▶ What the task asks: Only the stretch below from the line holding "Innostat Ατζέντα Ευρώπης" through the line holding "E Book Nuty" should be restated, word for word and with both ends included; pictures stay out.

▶ The data:
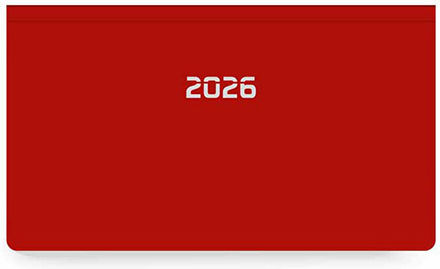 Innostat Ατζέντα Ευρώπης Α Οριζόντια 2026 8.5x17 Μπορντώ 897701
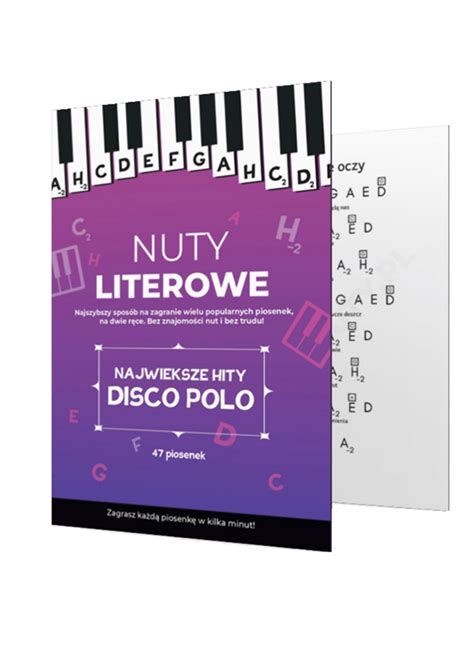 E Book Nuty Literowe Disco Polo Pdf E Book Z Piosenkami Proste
---
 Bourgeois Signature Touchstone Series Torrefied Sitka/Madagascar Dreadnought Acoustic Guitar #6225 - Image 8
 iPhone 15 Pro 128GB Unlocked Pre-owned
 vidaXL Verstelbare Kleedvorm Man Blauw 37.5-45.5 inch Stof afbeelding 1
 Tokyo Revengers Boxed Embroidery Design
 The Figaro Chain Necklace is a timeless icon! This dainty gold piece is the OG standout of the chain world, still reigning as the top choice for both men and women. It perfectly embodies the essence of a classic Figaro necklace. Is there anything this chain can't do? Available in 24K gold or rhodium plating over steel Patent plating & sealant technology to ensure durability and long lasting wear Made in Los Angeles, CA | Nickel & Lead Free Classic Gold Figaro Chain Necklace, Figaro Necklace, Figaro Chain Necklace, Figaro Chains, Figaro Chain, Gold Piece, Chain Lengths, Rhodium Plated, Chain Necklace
---
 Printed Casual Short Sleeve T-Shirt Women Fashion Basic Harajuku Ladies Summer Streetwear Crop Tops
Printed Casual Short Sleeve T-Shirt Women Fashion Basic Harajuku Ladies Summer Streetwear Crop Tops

▶ Expected output:
 Innostat Ατζέντα Ευρώπης Α Οριζόντια 2026 8.5x17 Μπορντώ 897701
 E Book Nuty Literowe Disco Polo Pdf E Book Z Piosenkami Proste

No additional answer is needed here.